Reputation: 15523
I've got a wildcard CNAME record defined on my domain (*.mydomain.com)
So, a user at foo.mydomain.com would resolve correctly.
I then went and defined a specific MX record: foo.mydomain.com and pointed that to a mail server
This seems to have caused the wildcard CNAME to break for that domain and not resolve. I would assume that CNAME wildcards are isolated from MX Records, but my test appears to show otherwise.
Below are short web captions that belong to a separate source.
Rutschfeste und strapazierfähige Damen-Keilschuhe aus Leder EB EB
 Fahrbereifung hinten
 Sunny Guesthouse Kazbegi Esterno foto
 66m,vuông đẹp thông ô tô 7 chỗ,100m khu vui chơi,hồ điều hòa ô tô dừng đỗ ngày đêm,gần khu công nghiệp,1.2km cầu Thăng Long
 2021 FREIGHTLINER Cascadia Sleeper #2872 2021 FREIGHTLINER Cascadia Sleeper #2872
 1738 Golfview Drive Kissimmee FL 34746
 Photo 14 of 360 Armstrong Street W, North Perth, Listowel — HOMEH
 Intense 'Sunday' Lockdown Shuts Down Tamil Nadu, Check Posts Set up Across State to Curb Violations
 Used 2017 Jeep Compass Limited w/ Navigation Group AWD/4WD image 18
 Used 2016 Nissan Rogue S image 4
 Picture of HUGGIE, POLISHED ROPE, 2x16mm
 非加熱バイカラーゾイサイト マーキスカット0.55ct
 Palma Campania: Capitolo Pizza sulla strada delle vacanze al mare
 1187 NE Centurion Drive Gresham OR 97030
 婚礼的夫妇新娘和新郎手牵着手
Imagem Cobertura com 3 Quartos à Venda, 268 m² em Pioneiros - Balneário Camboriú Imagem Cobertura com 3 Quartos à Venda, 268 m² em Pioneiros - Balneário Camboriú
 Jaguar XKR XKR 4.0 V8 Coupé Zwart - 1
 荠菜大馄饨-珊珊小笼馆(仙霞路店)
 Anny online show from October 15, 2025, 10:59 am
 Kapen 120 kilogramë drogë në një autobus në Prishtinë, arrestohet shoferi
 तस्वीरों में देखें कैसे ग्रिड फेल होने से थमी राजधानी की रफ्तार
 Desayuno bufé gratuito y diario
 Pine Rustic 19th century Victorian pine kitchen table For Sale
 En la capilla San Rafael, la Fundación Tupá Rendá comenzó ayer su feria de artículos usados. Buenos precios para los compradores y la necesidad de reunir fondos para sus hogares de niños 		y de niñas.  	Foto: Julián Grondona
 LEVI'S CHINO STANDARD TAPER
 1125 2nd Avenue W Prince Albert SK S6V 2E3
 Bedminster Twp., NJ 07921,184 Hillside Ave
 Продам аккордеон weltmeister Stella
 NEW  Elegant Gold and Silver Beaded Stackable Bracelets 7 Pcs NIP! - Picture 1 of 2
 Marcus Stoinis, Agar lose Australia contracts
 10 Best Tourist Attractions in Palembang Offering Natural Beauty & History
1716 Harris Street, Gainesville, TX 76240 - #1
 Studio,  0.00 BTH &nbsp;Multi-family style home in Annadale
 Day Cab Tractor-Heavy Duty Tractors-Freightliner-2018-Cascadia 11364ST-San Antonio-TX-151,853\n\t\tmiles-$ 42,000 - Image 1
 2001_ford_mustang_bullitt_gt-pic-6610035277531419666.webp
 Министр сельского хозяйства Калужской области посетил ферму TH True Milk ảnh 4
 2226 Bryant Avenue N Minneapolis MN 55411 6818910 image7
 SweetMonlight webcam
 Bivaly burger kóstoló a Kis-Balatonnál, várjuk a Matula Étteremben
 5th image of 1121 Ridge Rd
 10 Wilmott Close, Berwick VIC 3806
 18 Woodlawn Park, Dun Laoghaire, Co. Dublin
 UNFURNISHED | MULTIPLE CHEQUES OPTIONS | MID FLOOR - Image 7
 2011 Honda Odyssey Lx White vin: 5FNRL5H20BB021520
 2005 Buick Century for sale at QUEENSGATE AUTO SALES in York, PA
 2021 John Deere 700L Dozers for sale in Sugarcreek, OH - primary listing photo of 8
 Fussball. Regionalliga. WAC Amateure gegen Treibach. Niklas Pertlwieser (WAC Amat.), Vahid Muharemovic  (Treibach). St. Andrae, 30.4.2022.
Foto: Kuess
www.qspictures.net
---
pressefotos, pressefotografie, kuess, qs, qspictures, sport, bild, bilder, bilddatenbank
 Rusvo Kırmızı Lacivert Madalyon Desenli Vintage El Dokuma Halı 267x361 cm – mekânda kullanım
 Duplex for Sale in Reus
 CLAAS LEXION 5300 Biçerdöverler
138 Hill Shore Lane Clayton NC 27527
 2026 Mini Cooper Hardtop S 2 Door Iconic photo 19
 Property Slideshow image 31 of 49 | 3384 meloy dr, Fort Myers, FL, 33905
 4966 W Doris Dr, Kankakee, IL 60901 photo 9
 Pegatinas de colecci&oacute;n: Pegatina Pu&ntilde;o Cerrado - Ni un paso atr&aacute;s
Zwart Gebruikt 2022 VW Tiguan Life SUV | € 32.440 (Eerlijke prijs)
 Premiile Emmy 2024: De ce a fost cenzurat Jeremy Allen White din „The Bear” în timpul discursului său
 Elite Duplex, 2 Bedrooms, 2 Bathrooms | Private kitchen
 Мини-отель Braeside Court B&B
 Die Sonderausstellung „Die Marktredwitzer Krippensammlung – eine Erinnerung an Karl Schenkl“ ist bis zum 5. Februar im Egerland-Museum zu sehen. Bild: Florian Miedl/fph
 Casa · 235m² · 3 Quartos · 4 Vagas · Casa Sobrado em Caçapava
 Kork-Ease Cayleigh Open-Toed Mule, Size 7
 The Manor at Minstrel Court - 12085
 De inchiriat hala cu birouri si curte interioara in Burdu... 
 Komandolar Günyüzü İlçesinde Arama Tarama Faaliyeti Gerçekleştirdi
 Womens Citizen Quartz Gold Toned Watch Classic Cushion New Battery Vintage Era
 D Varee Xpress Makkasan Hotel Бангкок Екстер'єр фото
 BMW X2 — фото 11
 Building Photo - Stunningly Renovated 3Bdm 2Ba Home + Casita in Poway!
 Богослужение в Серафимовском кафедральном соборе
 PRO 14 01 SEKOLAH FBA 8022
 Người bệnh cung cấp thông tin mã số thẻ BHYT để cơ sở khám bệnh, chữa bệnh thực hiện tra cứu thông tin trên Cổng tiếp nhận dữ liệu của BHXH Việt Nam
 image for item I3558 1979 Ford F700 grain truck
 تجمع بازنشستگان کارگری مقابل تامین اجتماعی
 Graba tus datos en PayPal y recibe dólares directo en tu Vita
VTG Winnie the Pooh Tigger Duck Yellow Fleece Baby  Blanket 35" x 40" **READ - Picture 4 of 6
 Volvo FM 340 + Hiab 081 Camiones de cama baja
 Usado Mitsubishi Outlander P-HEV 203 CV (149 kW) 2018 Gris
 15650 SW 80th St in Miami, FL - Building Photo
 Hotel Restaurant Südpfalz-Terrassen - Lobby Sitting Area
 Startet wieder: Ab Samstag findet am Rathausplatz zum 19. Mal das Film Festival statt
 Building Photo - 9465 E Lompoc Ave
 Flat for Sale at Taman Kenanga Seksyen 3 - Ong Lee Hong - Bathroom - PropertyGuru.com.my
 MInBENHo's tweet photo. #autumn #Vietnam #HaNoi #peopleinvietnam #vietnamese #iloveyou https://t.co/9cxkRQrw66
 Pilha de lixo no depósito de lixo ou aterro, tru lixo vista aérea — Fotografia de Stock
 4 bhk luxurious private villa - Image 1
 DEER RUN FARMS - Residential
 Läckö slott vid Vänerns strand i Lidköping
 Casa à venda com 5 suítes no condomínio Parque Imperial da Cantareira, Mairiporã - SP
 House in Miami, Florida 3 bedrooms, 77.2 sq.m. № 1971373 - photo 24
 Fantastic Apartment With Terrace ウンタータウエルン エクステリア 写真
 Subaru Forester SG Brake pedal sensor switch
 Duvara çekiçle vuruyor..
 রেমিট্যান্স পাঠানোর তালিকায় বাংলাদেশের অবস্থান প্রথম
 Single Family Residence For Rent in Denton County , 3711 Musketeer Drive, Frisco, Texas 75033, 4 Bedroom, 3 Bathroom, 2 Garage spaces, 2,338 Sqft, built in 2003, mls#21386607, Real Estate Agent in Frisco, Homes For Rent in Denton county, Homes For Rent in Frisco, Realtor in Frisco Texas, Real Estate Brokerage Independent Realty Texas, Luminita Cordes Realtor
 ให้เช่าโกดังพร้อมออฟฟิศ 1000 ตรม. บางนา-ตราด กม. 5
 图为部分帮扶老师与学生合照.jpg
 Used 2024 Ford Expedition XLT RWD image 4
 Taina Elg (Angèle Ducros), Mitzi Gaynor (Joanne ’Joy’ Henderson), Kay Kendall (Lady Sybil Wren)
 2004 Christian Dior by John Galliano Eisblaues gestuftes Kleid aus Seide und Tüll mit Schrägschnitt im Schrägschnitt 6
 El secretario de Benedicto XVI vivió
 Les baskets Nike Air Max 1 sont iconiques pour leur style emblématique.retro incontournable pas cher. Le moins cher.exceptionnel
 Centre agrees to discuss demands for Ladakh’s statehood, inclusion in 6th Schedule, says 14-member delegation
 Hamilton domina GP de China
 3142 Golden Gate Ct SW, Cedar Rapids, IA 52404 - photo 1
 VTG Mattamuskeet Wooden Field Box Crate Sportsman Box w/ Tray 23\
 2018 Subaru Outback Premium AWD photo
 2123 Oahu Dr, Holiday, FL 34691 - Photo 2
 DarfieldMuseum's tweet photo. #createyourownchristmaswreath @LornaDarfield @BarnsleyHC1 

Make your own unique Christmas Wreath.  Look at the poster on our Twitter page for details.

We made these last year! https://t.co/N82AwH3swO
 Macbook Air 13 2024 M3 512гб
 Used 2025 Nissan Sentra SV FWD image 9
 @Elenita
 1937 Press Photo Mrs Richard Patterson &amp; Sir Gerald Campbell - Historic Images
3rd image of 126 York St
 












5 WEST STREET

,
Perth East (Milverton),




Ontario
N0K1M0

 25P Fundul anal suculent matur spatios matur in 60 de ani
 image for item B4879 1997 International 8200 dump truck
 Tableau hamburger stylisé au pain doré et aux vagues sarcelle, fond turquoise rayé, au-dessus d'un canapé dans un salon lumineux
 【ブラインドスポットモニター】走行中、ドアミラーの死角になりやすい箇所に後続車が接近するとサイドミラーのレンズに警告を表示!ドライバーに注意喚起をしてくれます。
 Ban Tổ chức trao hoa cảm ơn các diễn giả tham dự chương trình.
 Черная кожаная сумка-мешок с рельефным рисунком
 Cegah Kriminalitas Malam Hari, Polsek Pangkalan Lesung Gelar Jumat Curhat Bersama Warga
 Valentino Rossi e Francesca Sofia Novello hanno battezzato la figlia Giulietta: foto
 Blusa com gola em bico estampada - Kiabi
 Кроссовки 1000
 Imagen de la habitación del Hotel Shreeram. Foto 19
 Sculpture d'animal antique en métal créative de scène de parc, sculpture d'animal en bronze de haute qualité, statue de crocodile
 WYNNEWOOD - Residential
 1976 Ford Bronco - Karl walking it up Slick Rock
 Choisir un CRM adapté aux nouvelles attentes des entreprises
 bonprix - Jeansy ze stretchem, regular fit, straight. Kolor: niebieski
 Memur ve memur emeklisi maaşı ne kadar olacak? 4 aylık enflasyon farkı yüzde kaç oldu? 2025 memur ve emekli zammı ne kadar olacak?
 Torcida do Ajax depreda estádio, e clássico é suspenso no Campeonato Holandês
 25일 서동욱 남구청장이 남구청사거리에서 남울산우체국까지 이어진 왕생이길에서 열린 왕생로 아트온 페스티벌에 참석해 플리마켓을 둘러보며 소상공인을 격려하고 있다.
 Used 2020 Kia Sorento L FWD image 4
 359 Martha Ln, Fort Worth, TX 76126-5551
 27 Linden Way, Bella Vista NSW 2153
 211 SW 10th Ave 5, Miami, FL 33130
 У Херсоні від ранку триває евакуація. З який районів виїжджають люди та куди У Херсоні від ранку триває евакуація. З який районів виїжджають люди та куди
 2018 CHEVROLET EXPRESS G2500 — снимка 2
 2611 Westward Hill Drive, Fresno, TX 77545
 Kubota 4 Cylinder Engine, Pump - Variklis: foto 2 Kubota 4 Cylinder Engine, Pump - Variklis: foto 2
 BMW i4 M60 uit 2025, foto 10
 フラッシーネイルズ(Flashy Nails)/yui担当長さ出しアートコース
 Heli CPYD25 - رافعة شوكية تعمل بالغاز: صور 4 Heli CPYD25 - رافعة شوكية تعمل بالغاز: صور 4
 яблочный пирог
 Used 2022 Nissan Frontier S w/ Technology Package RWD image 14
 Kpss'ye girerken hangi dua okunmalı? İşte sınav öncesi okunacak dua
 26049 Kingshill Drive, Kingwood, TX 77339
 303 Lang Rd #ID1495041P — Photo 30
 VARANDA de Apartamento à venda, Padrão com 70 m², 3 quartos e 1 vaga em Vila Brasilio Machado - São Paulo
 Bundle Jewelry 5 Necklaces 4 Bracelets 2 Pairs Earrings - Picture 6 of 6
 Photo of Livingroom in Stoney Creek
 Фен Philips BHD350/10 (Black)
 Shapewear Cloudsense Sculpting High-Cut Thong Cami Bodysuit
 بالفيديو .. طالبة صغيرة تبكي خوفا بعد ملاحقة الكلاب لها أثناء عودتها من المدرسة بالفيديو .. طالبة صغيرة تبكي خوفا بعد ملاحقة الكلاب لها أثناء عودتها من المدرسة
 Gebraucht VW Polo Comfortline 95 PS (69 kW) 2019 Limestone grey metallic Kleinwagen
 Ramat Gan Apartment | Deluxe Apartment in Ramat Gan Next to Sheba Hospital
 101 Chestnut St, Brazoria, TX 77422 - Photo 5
Do MX Records cause wildcard CNAME queries with the same subdomain to not get resolved?
Upvotes: 1
Views: 929
Reputation:
The record types involved actually don't matter here. What does matter is that if a name explicitly exists, a wildcard record will not be looked for. One way, and by far the most common way, for a name to explicitly exist is for it to have a record of some kind. An MX
record, for example. Once that record is there, any queries for that name will either get a response with the MX
record (possibly with accompanying DNSSEC records, but let's ignore that for now) in question, or a response saying "The name exists, but it doesn't have a record of the type you asked for".
A wildcard entry is only used for names that do not exist at all. What you want here, to have a wildcard record "fill in" records in existing names, is not ordinarily possible in DNS. It wouldn't be impossible to write a specific name server software that did it, of course, but the resulting semantics would be rather hideous.